Even when playing as a non-gag character, Gesuido can be very tough. Traps can attack from out of view. Enemies can slide out of pipes. If your avatar is lit on fire,the player must find a puddle to extinguish the flames before their HP is exhausted. The hero automatically regenerates health over time, but also grows hungry. Eating food is not a means to restore health but to keep hunger at bay (my samurai wisely brought a bento into the sewer). Death means starting over from Floor 1.

"In European fantasy games, the heroes go underground and explore dungeons. In Japan, if you go underground there's nothing but sewers, so that's why I chose the name Gesuido" Mihara told me about the game's unusual nomenclature.
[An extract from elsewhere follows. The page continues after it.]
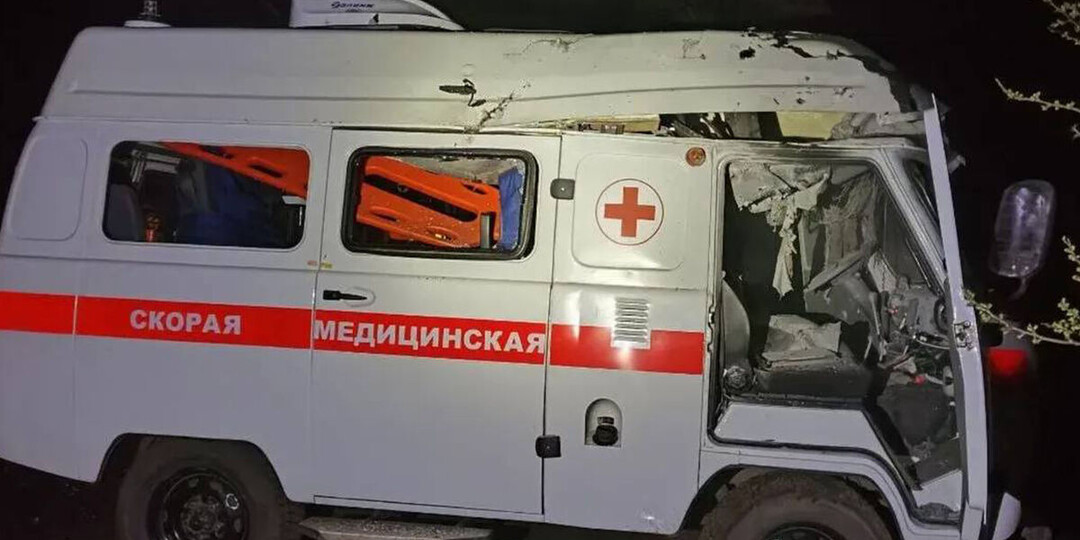В Запорожской области машина скорой помощи подверглась атаке беспилотника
When I asked why the game used distinctive western-RPG enemies like gelatinous cubes, he laughed again and admitted that the presence of such enemies were a legacy of the game's inspiration, NetHack. He asked me if I found the game hard to understand (it plays in both English and Japanese) but I told him I was already a fan of Shiren the Wanderer which made him laugh again.

Mihara hasn't settled on a release date yet (the Japanese press page says "in the not too distant future") or a price point, but he's positive it will be a paid app as he feels the gameplay does not lend itself to a free-to-play format. I'm going to keep tabs on Gesuido because there's a shortage of quality games I can play one-handed during my commute, with or without permadeath.